**YOUR ASSIGNMENT:**
Please repeat the whole listing exactly, but leave the pictures out.

☆ ☆ ☆ ☆ ☆

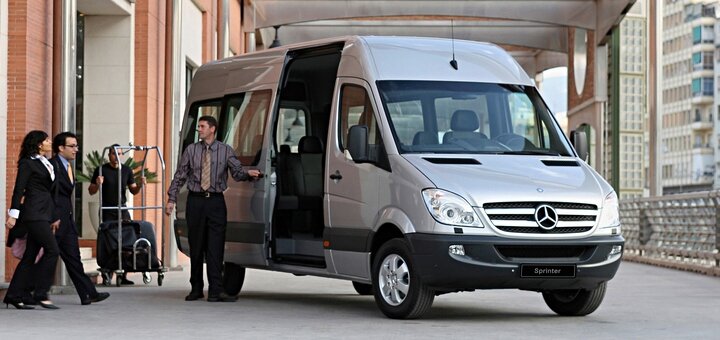 Meeting at the airport by minibus &quot;van.taxi&quot; in kiev. get a discount on your trip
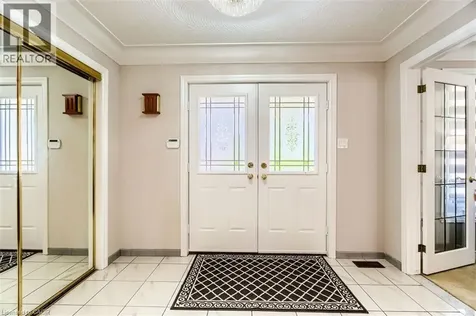 16 Vogue Court Stoney Creek ON L8E 4T3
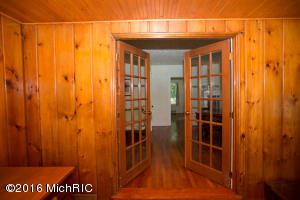 722 N Gordon, Marshall, MI 49068 photo 13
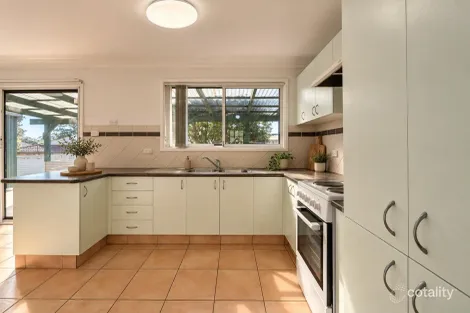 Property photo of 28 Macintyre Crescent Ruse NSW 2560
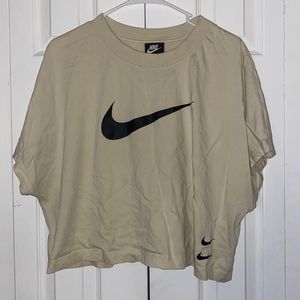 Nike cropped tee shirt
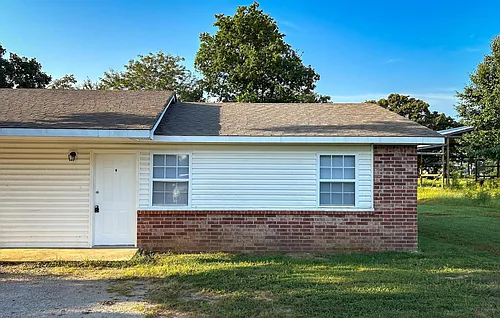2100 Lynn Ln #A Photo 1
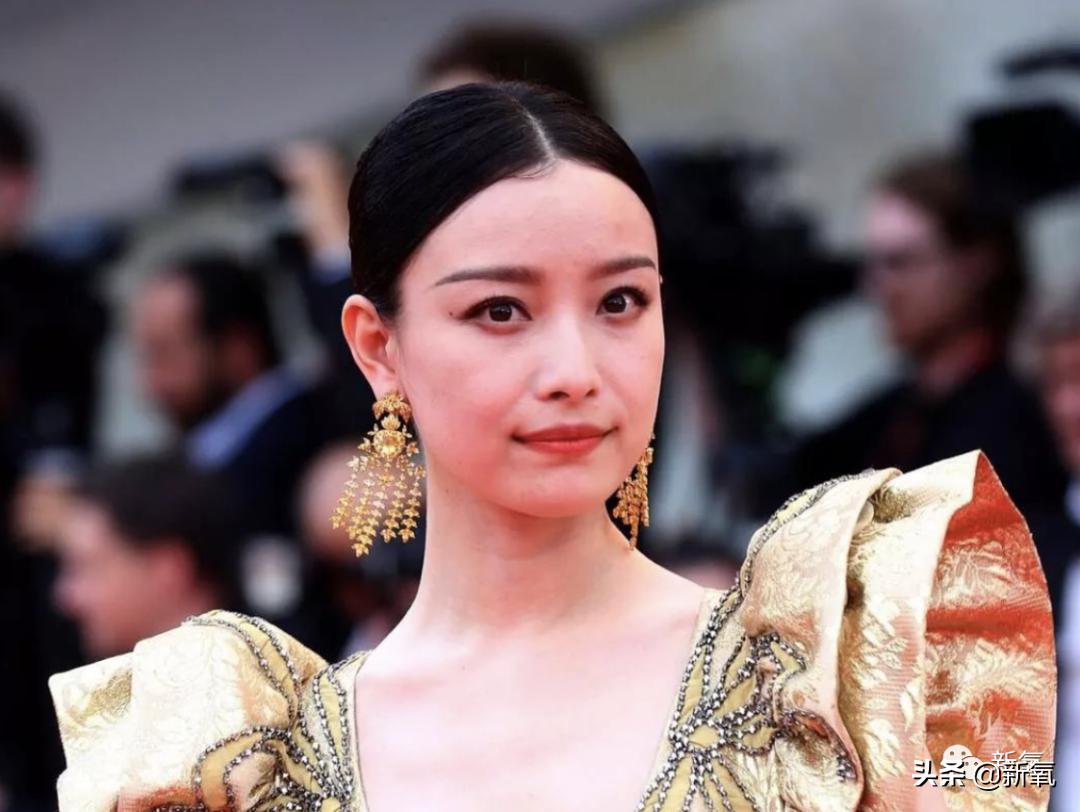 杨超越还能撑多久,杨超越遇到的真实事件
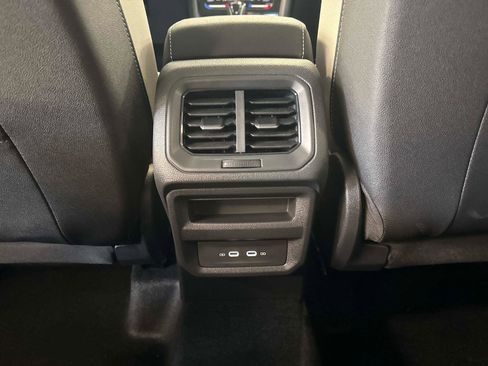 New 2026 Volkswagen Taos SE AWD/4WD image 17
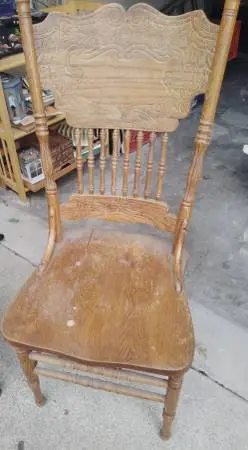 Vintage Oak Spindle Chair
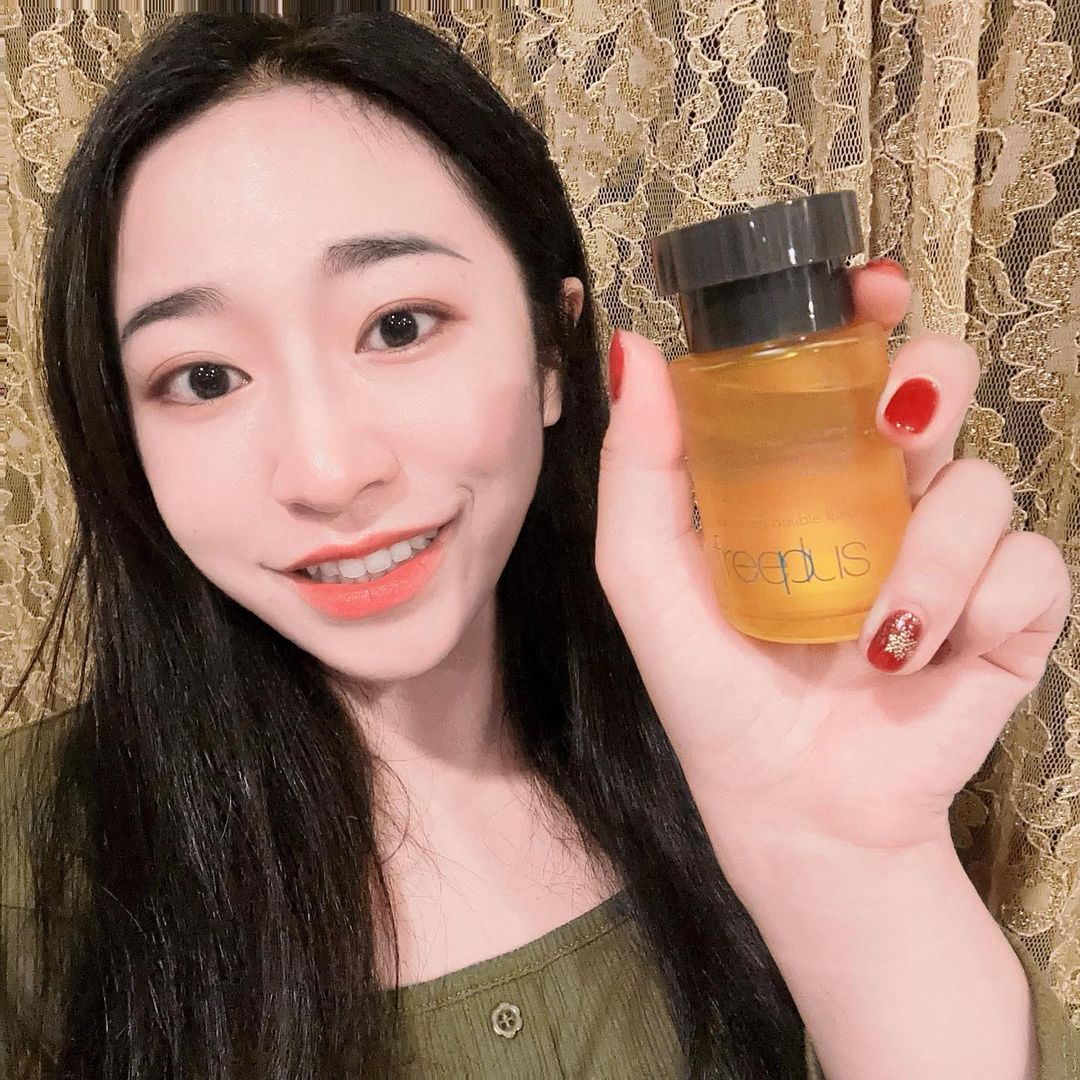 freeplus芙莉思❤️小金瓶
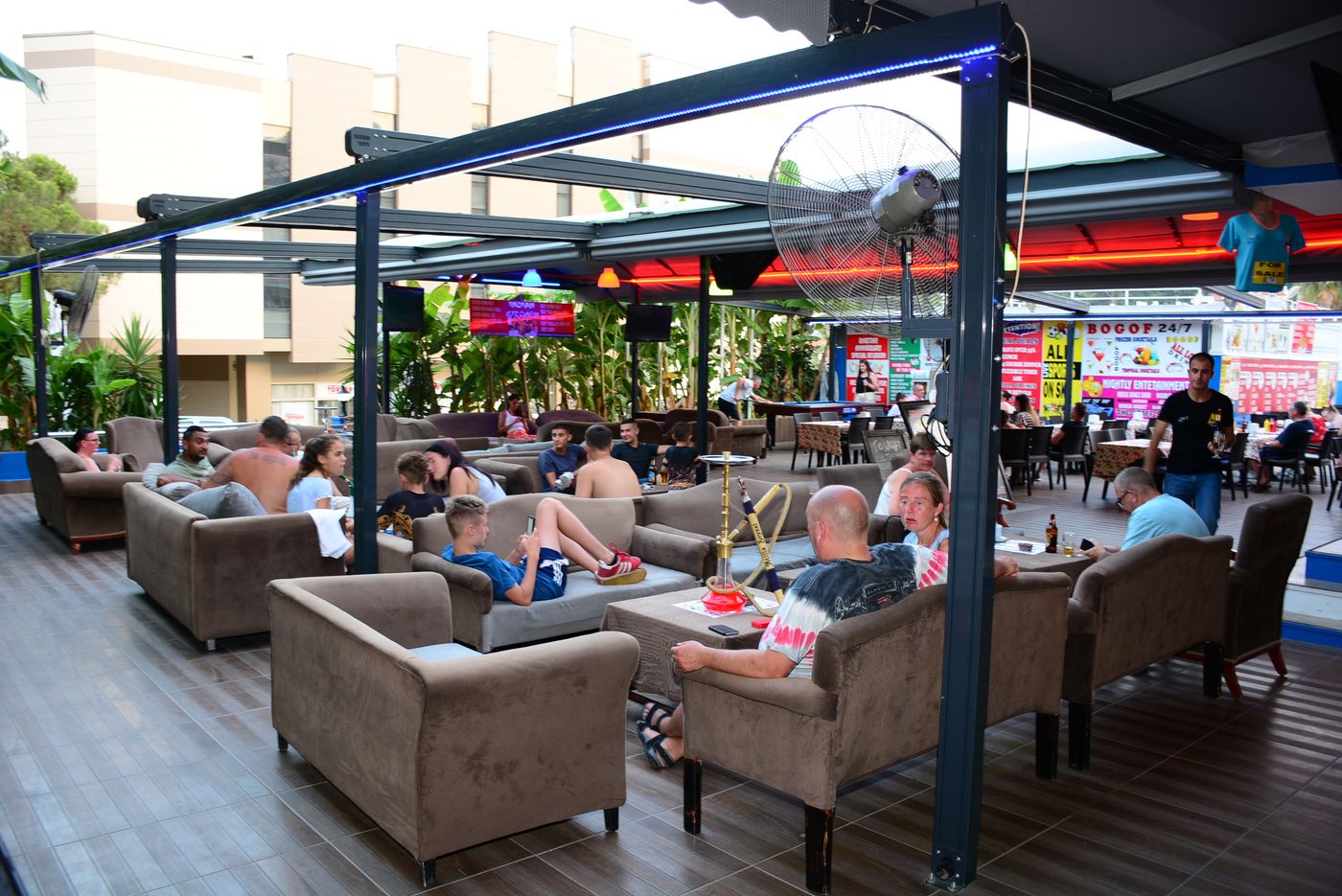 Mustis-Royal-Plaza-Bar-12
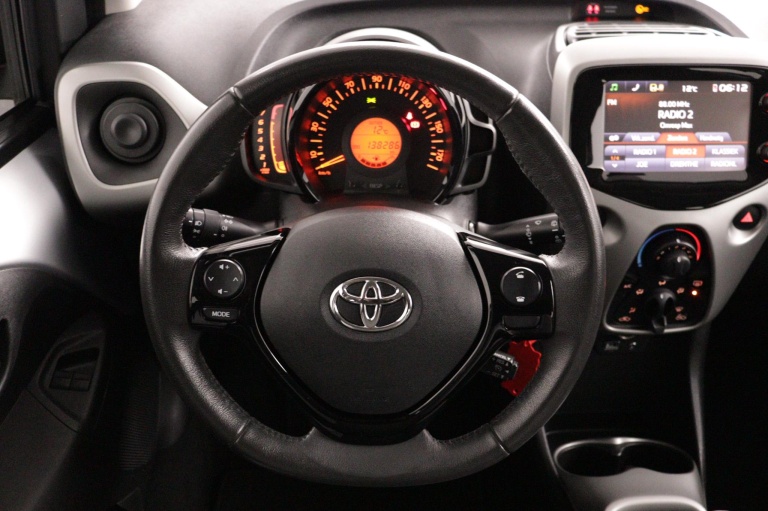 Toyota Aygo - 1.0 VVT-i x-play 43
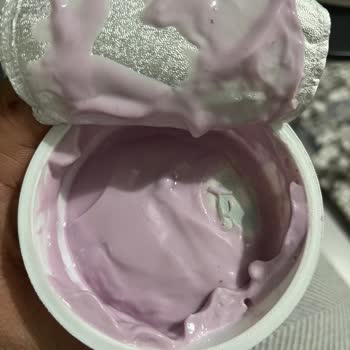 Sek Süt Son Kullanma Tarihi Geçmemiş Quark Yoğurtlarda Küf Ve Bozulma Sorunu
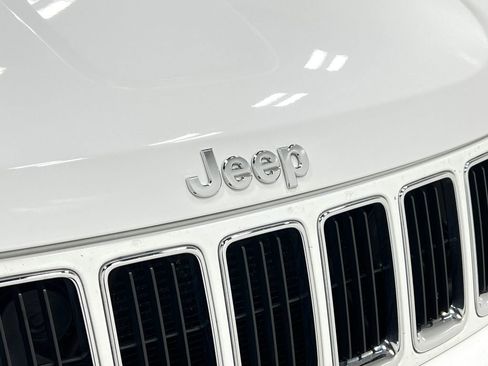Used 2016 Jeep Grand Cherokee Limited image 38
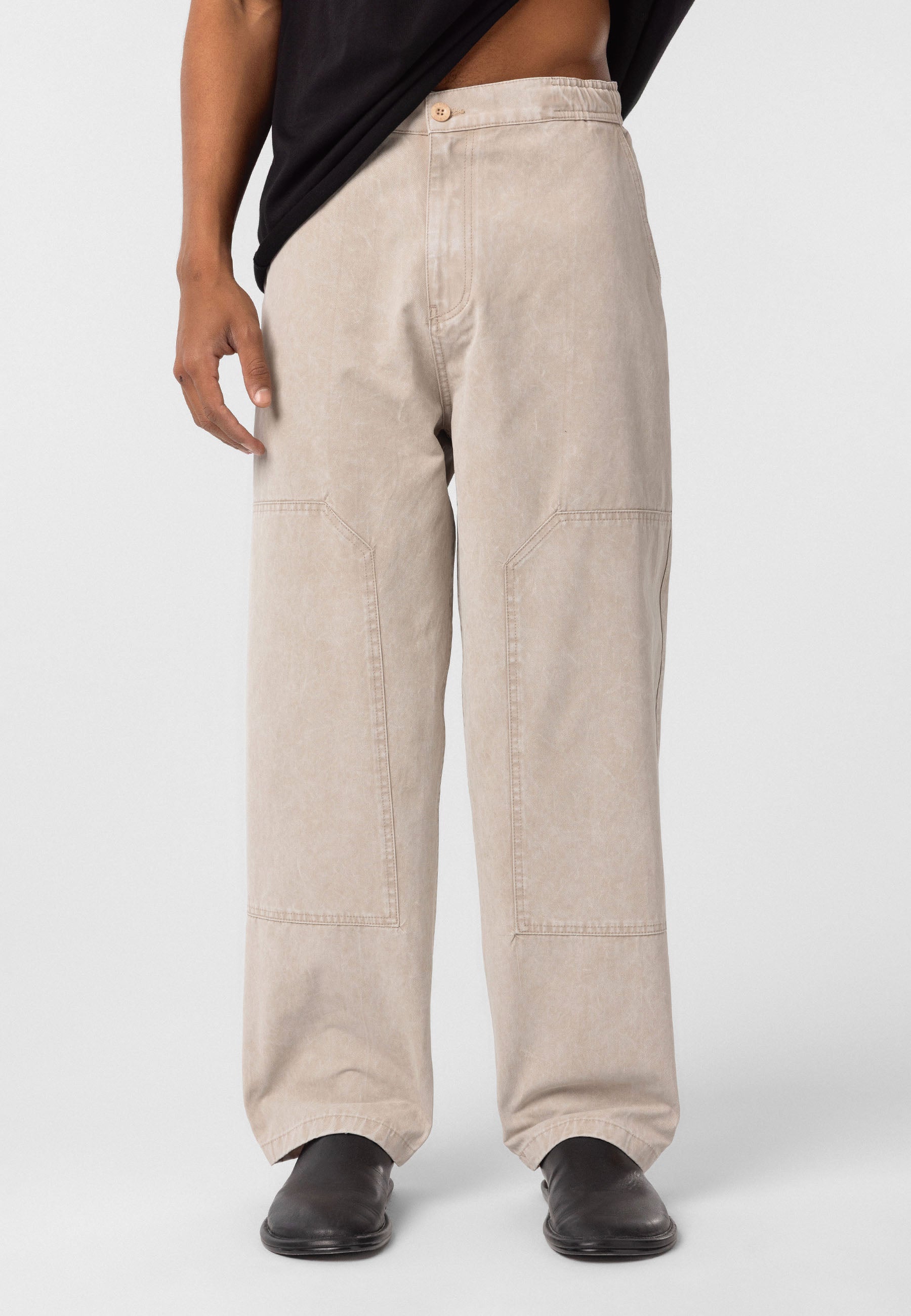 Oversized Washed Woven Pants – Relaxed Volume with Garment-Washed Texture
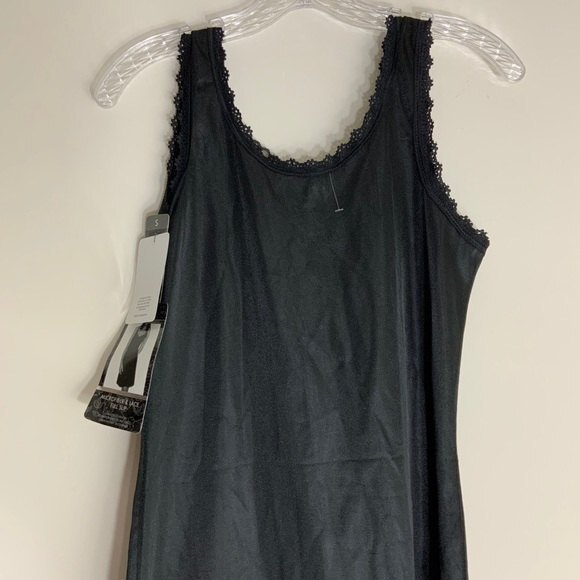 Kathy Ireland Intimate Full Slip Lace Details - Picture 9 of 9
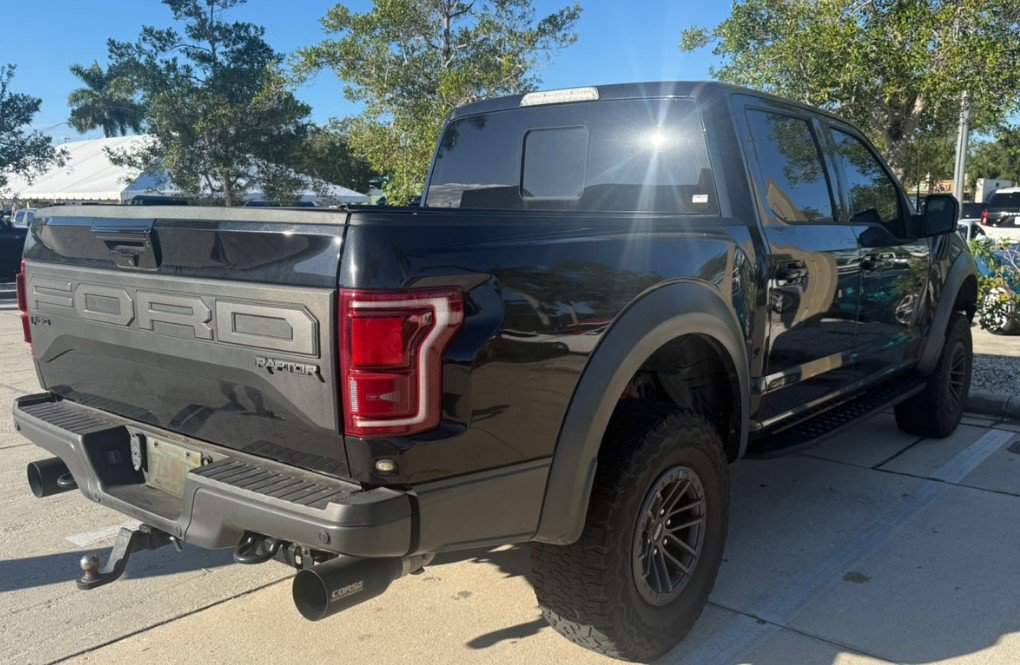 Used 2020 Ford F150 Raptor w/ Equipment Group 802A Luxury AWD/4WD image 3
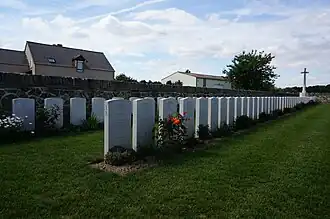 Le cimetière militaire britannique.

☆ ☆ ☆ ☆ ☆

**RESPONSE BELOW:**
 Meeting at the airport by minibus &quot;van.taxi&quot; in kiev. get a discount on your trip
 16 Vogue Court Stoney Creek ON L8E 4T3
 722 N Gordon, Marshall, MI 49068 photo 13
 Property photo of 28 Macintyre Crescent Ruse NSW 2560
 Nike cropped tee shirt
2100 Lynn Ln #A Photo 1
 杨超越还能撑多久,杨超越遇到的真实事件
 New 2026 Volkswagen Taos SE AWD/4WD image 17
 Vintage Oak Spindle Chair
 freeplus芙莉思❤️小金瓶
 Mustis-Royal-Plaza-Bar-12
 Toyota Aygo - 1.0 VVT-i x-play 43
 Sek Süt Son Kullanma Tarihi Geçmemiş Quark Yoğurtlarda Küf Ve Bozulma Sorunu
Used 2016 Jeep Grand Cherokee Limited image 38
 Oversized Washed Woven Pants – Relaxed Volume with Garment-Washed Texture
 Kathy Ireland Intimate Full Slip Lace Details - Picture 9 of 9
 Used 2020 Ford F150 Raptor w/ Equipment Group 802A Luxury AWD/4WD image 3
 Le cimetière militaire britannique.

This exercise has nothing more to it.